An essential characteristic of a hypertext database system is a machine
supported ability to efficiently traverse via these links from node to
node. In this regard, as noted in the article entitled "Hypertext: An
Introduction and Survey" by J. Conklin, COMPUTER, September 1987, pages
17-41, to qualify as hypertext, a system should require no more than a
couple of keystrokes (or mouse movements) from the user to follow a single
link. The links provided by the interface transport the user quickly and
easily to a new place in the hypertext system. Another characteristic of a
hypertext system is the speed with which the system responds to
referencing requests. Only brief delays typically occur (one or two
seconds at most).
Although hypertext systems presently provide the ability for the user to
traverse efficiently between nodes via links once he or she determines the
desired links to be utilized, the number of documents in a hypertext
system may be very large. Consequently, the number of links connected to
any document may also become very large. This leads to difficulties in
"navigating" through the database, the large number of links from each
document often resulting in confusion by the user when attempting to
select which link to follow.
One attempt to overcome this problem is by providing an overview display or
"map" of the hypertext documents and links. This technique has the
disadvantage of creating a large and complex map display when the number
of documents and links is large. There is a resultant need for further
control and display options which the user must learn, and in the
expenditure of the user's time in manipulating the map, rather than more
effective use of his time, such as reading documents.
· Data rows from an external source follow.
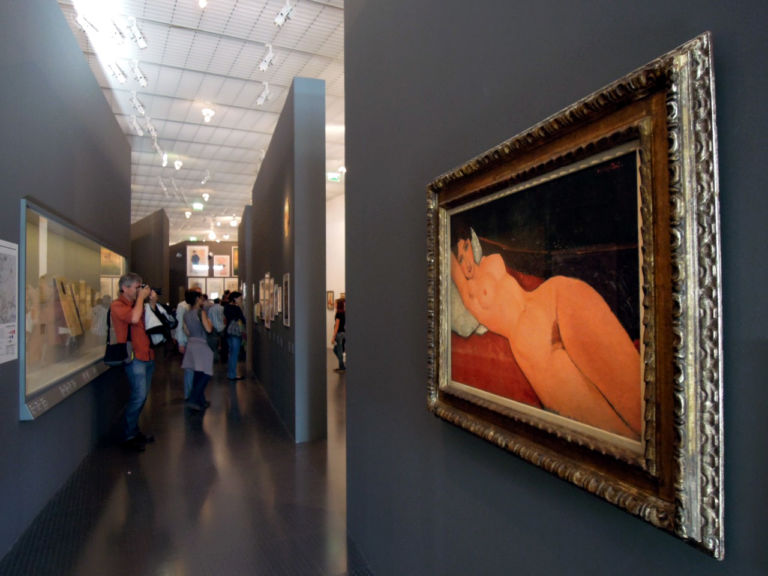 1917 veduta della mostra presso Centre Pompidou Metz 2012. In primo piano Amedeo Modigliani Nu au coussin blanc 1917 La guerra in mostra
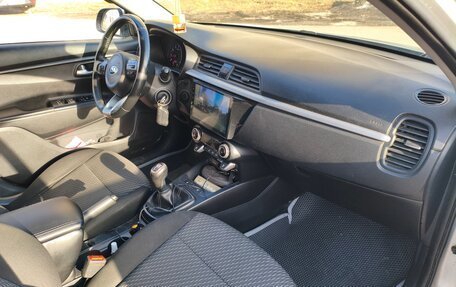 KIA Rio IV, 2018 год, 1 375 000 рублей, 5 фотография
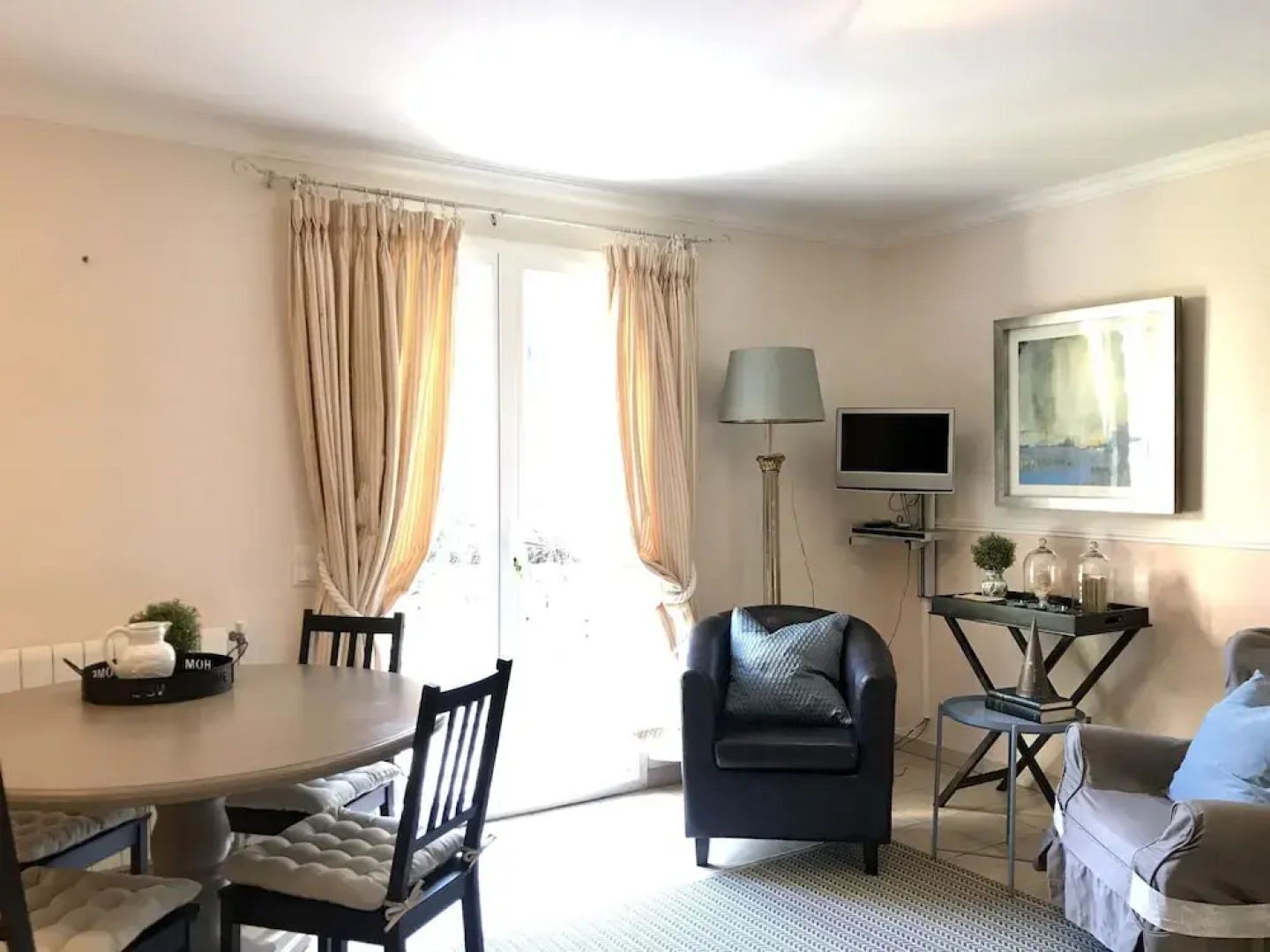 Captivating Villa in Le Plan-de-la-tour with Swimming Pool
Another solution to this navigational dilemma is to apply standard database
search and query techniques for locating documents which the user is
seeking. This involves addressing entities by content; that is, by text or
numbers stored, in addition to or rather than a user-assigned name or
symbol. This is usually executed by applying some combination, using
boolean operations of key word and full string search and predicates on
other attributes (such as author, time of creation, type, etc.) of nodes
or links. Various standard and proprietary languages exist for querying
structured databases or text retrieval systems (for example, DIALOG, SQL).
All of these languages share the drawback of being arbitrary and complex,
which poses a problem in applications where untrained users must query a
data storage system, or in educational and training uses where presuming
prior user training in the query method is inappropriate.
Experience with textual query methods has also shown that they are subject
to tradeoffs between precision (the number of retrieved entities which are
actually interesting) and recall (the fraction of total interesting
entities which are actually found). Such studies have found that, for
instance, a typical query to a legal information system produces only 20%
of those database entities which are actually relevant. (See the article
entitled "An Evaluation of Retrieval Effectiveness for a Full Text
Document Retrieval System", by D. C. Blair and M. E. Maron, COMMUNICATIONS
OF THE ACM, March 1985, Vol. 28, No. 3, Pgs. 289-299.)
Other attempts to control the complexity of linking have concentrated on
database-wide elision of sets of links. For instance, the Intermedia
system allows the separation of links into sets called webs. Only one of
these sets is visible to the user at a time. This achieves simplification
but at the expense of possibly removing valuable links from consideration
if those links are stored in the webs which are not loaded. (See the
article entitled "Intermedia: The Concept and the Construction of a
Seamless Information Environment", by N. Yankelovich, et.al., COMPUTER,
January 1988, pgs. 81-96.)
Another approach to elision is filtering, that is, database-wide selection
of documents and links based on a query, in a fashion similar to that
described above. In some systems (e.g. see the article entitled "Super
Book: An automatic tool for information exploration--hypertext?", by J. R.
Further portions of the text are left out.